Data excerpts:

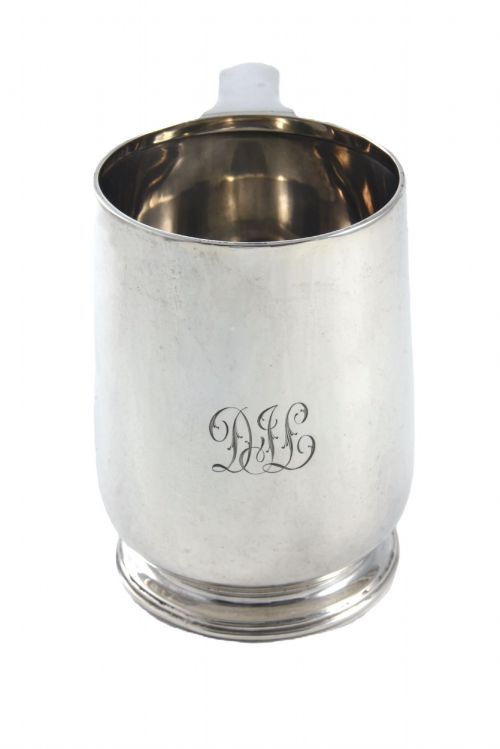 fig 2. A George V sterling silver pint tankard featuring a baluster body, engraved monogram initials, a scroll handle, and a stepped circular foot.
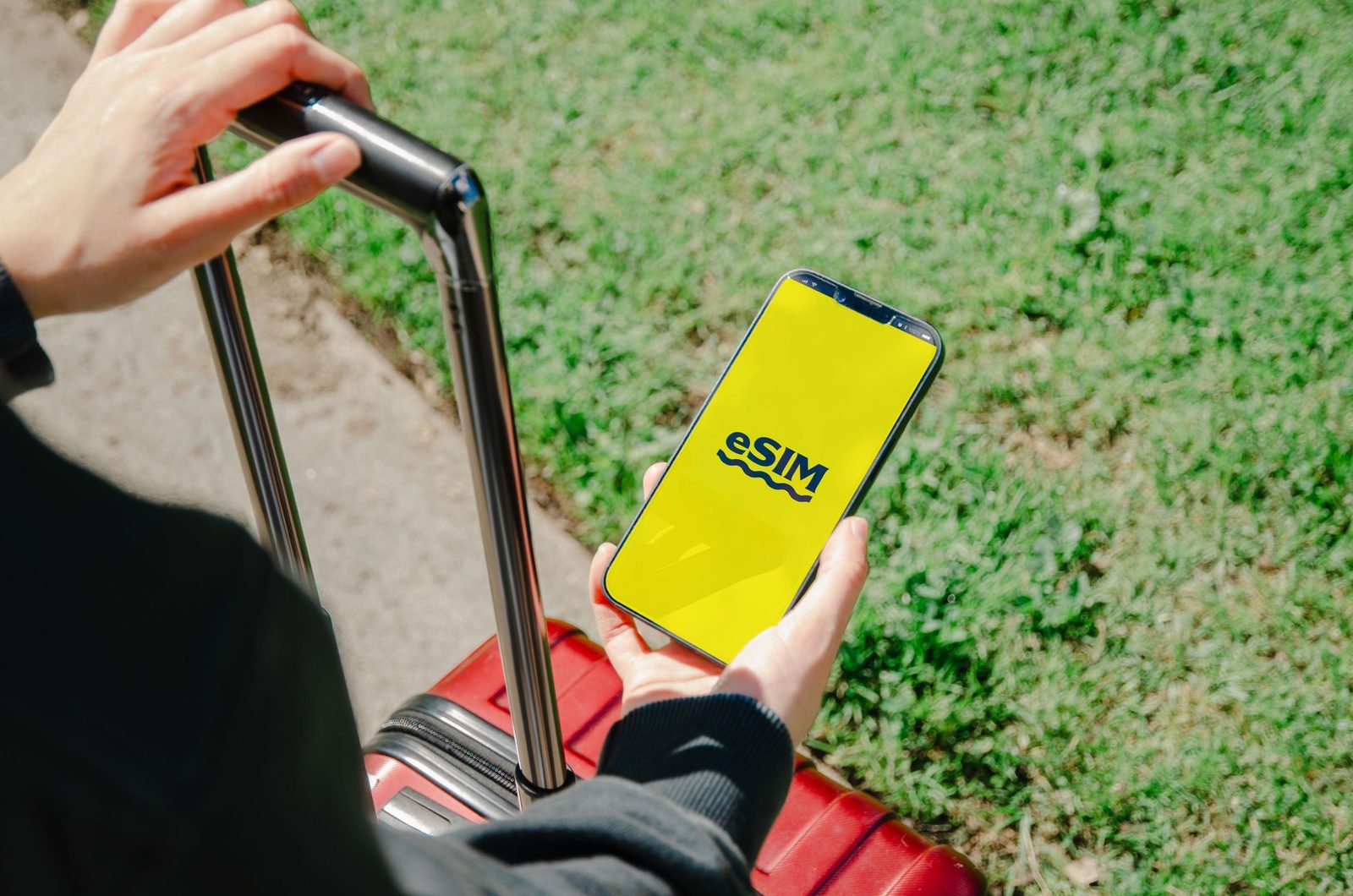 Hand hält ein Smartphone mit der Anzeige „eSIM" auf gelbem Bildschirm, daneben ein roter Koffer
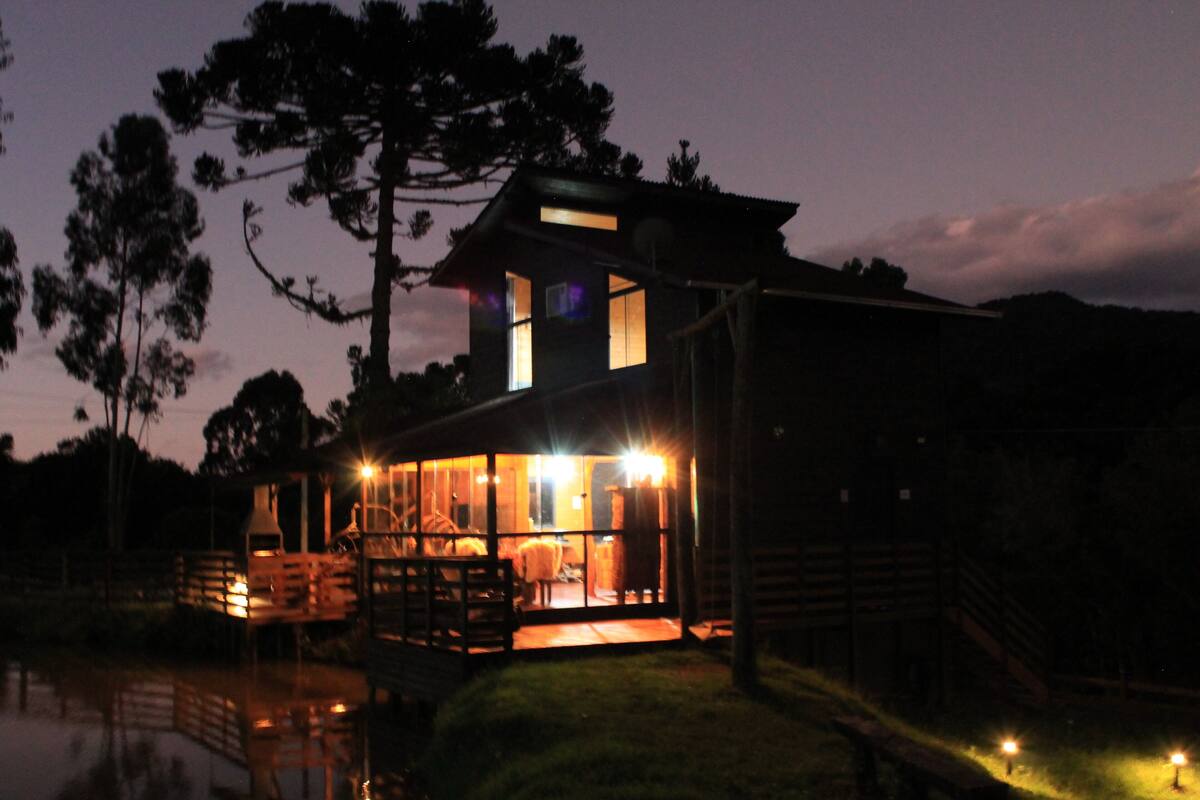 Eine zweistöckige Holzhütte mit großen Fenstern, einer Terrasse und einem kleinen Pool.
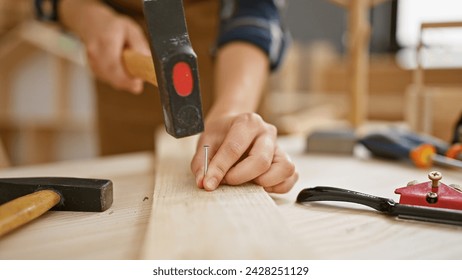 Strong female carpenter's hands drive nail into wood plank at professional carpentry workshop - Powered by Shutterstock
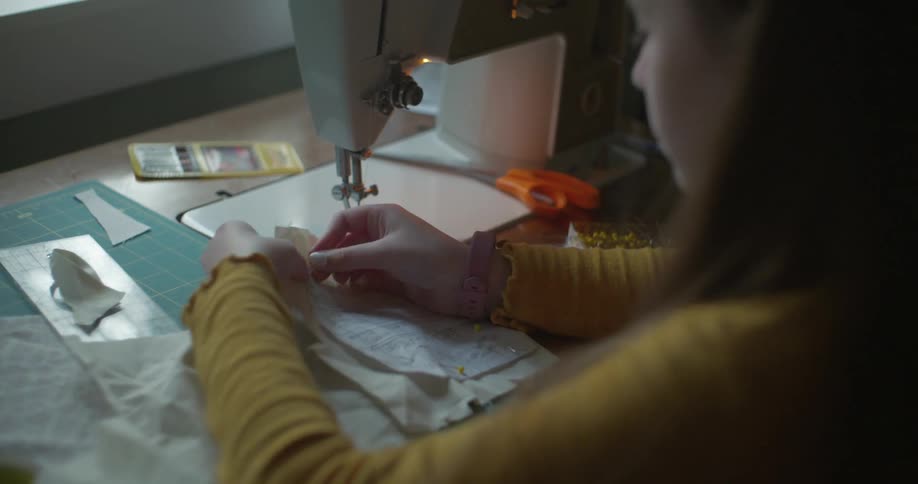 A woman is working at a sewing machine with fabric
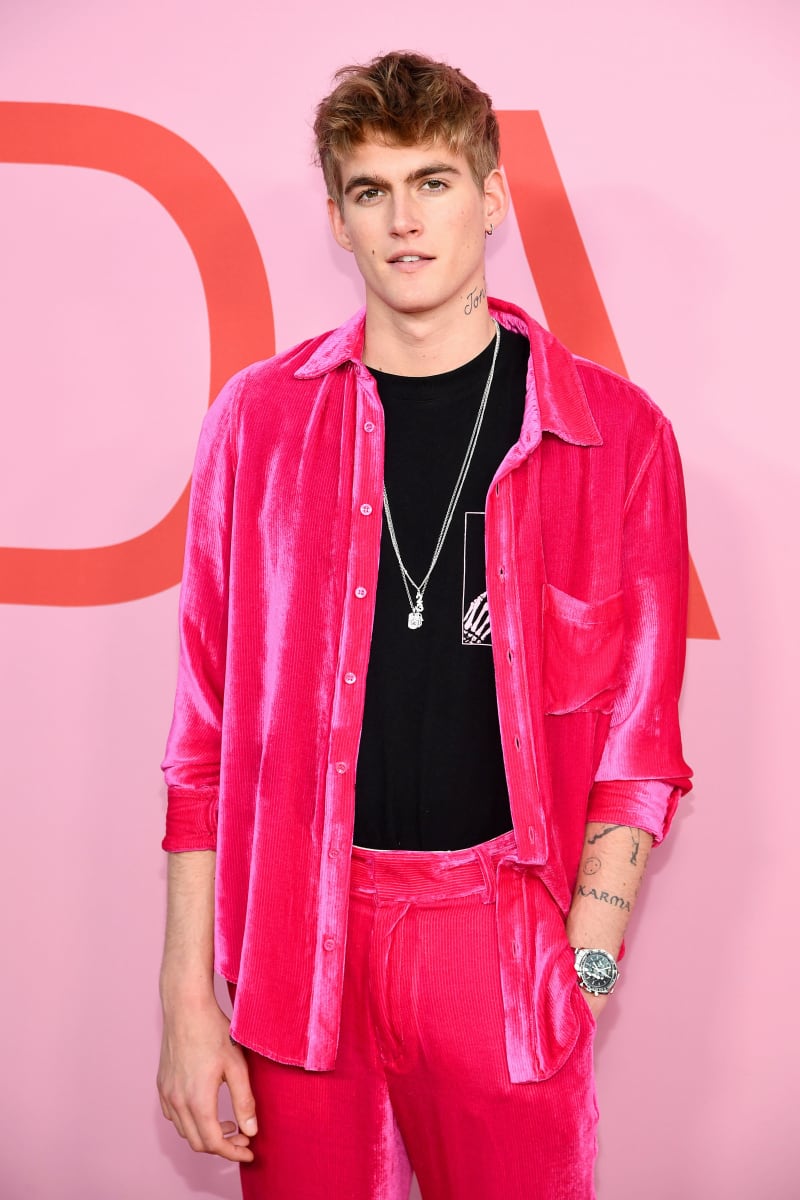 A young man wearing a bright pink velvet suit and black shirt poses against a pink background at an event.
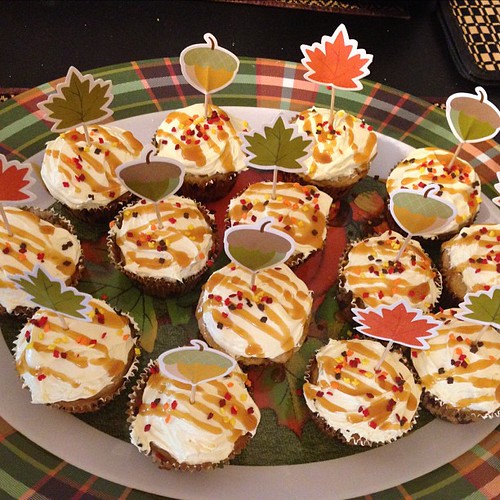 Apple spice cupcakes with apple pie filling in the middles and buttercream frosting with a caramel drizzle and autumn leaves sprinkles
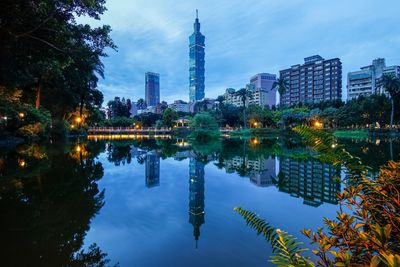 Reflection of illuminated buildings in city against sky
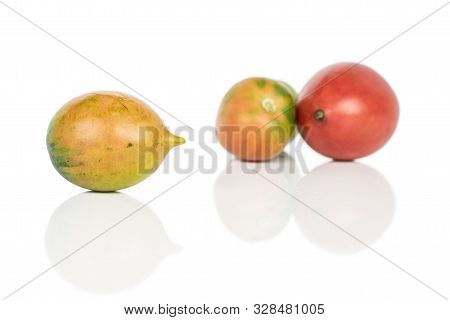 Group Of Three Whole Fresh Tomato De Barao Isolated On White Background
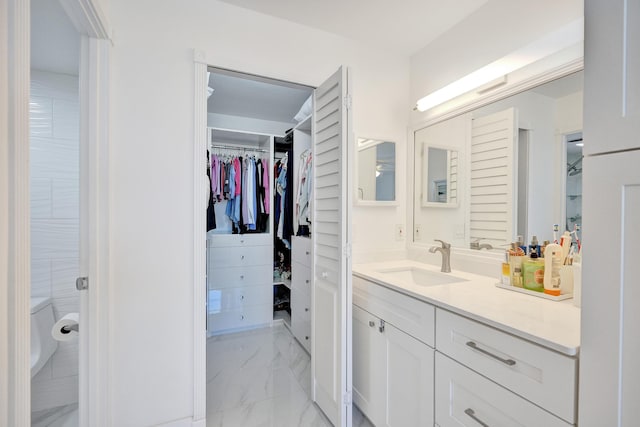 6 Royal Palm Way Unit 506, Boca Raton, FL 33432 - bathroom with a spacious closet, marble finish floor, and vanity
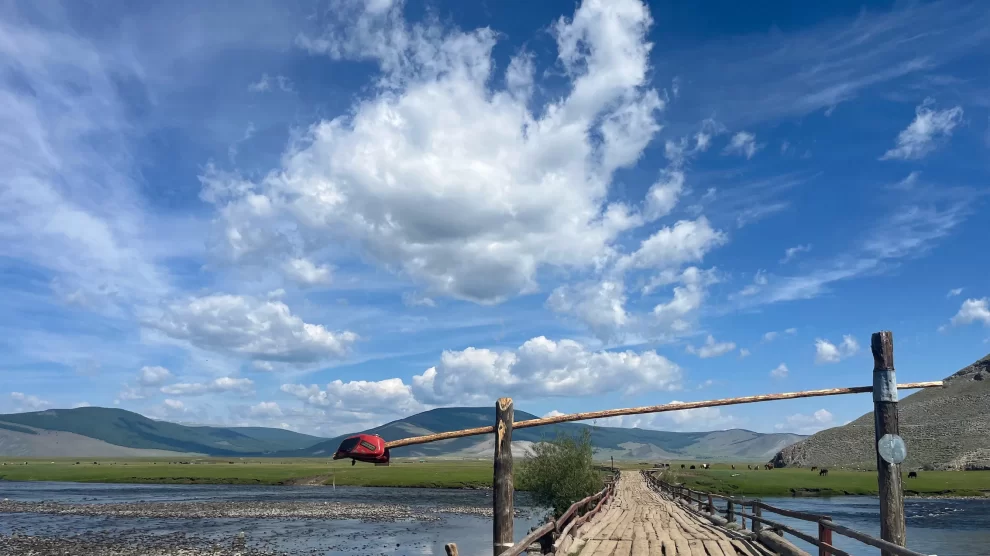 A wooden bridge leading away from the camera crosses a large river in the Darkhad depression. Behind the bridge a large flat plain extends into the distance where mountains can be seen.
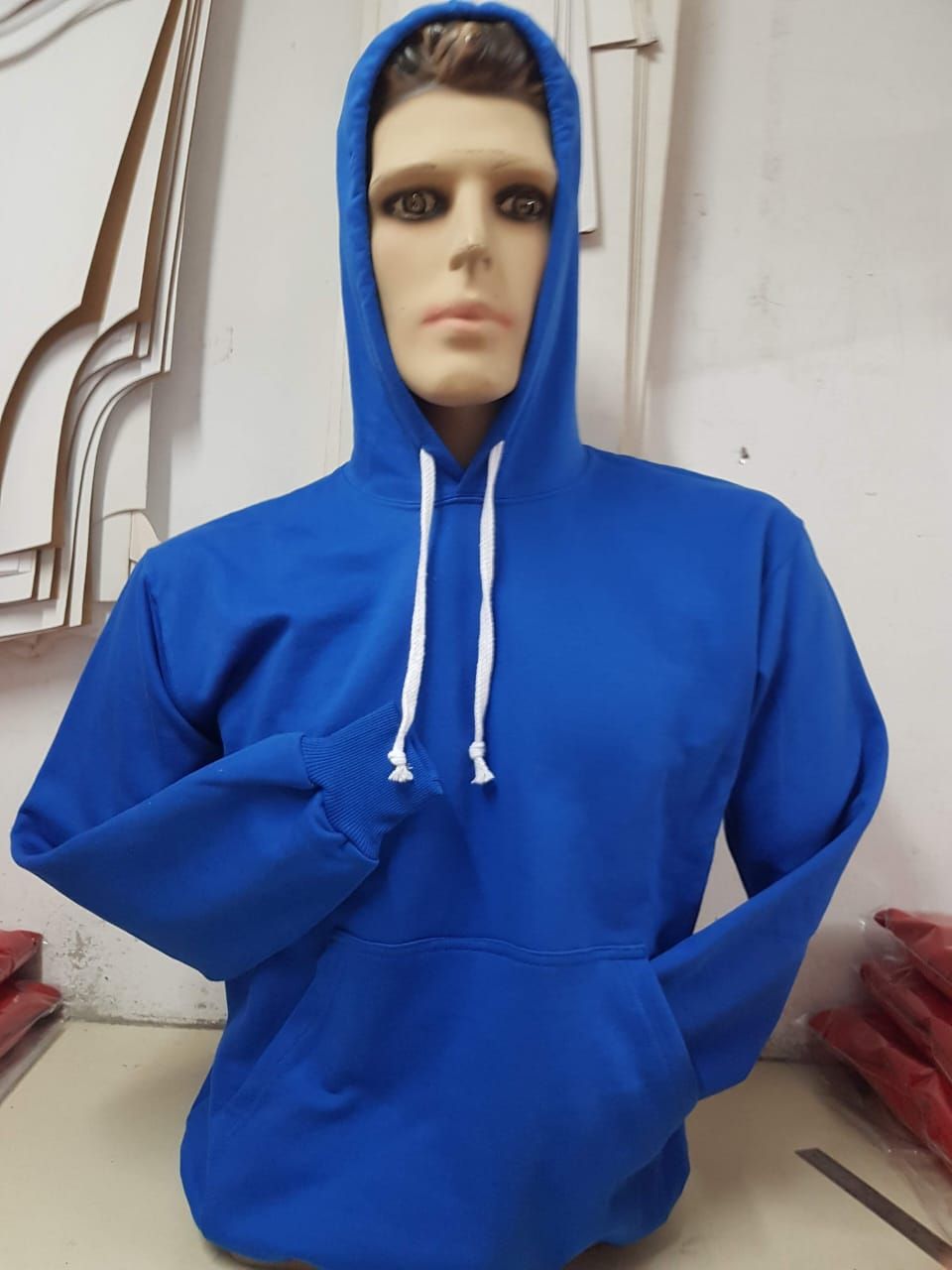 Una sudadera azul con capucha y cordones blancos se exhibe en un maniquí.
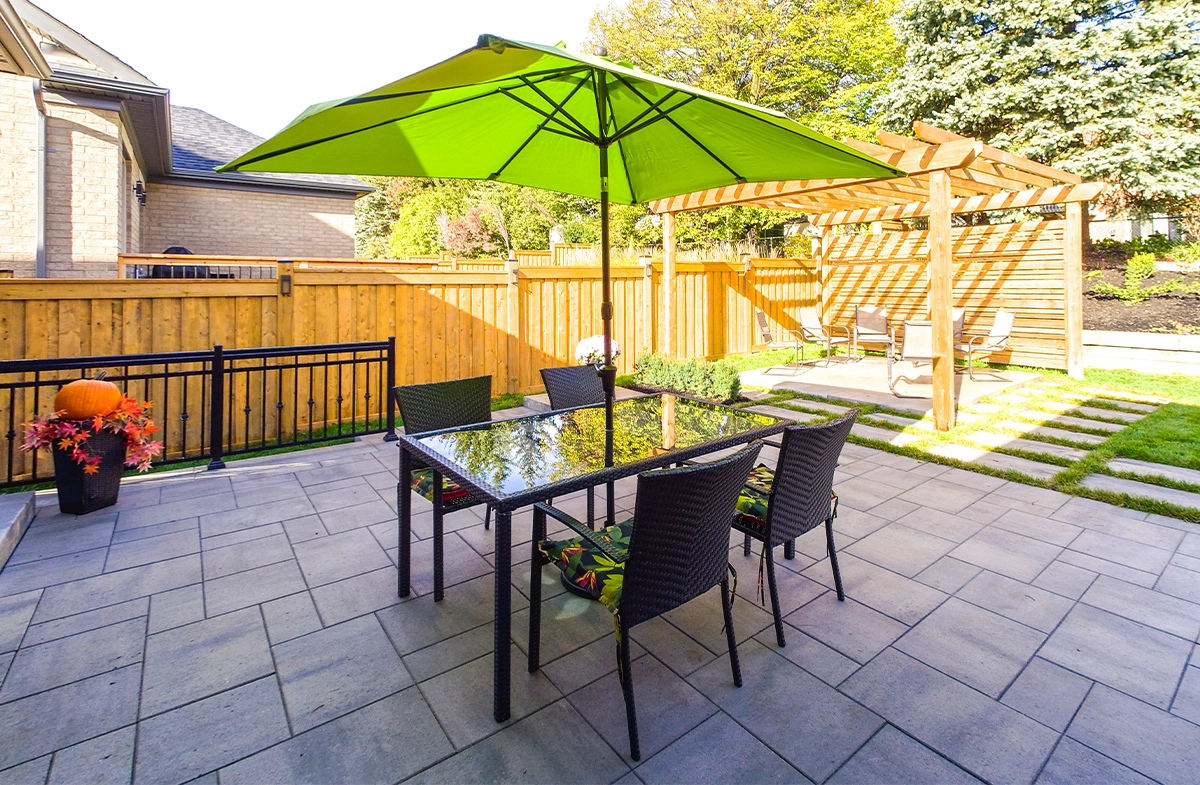 interlocking patio and custom gazebo in backyard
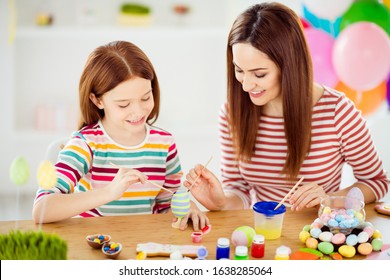 Close-up portrait of nice attractive lovely winsome cheerful cheery girls small little daughter creating handicraft handiwork in white light interior room house indoors - Powered by Shutterstock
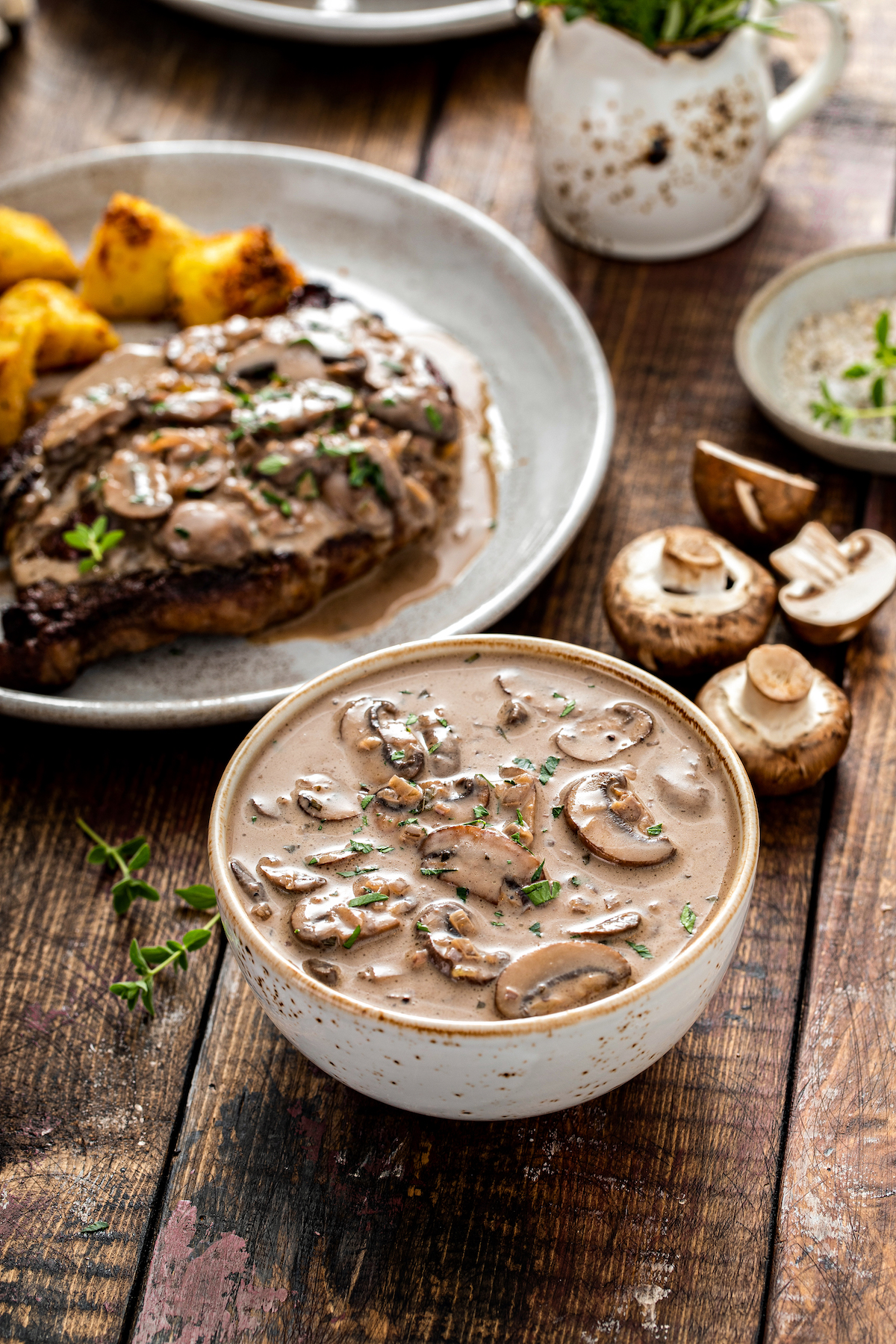 A bowl of creamy sauce next to a plate of steak and potatoes.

To do: Leave the pictures out and output exactly the lines above, from the start of the listing through the line with "Eine zweistöckige Holzhütte".

Exercise response:
 fig 2. A George V sterling silver pint tankard featuring a baluster body, engraved monogram initials, a scroll handle, and a stepped circular foot.
 Hand hält ein Smartphone mit der Anzeige „eSIM" auf gelbem Bildschirm, daneben ein roter Koffer
 Eine zweistöckige Holzhütte mit großen Fenstern, einer Terrasse und einem kleinen Pool.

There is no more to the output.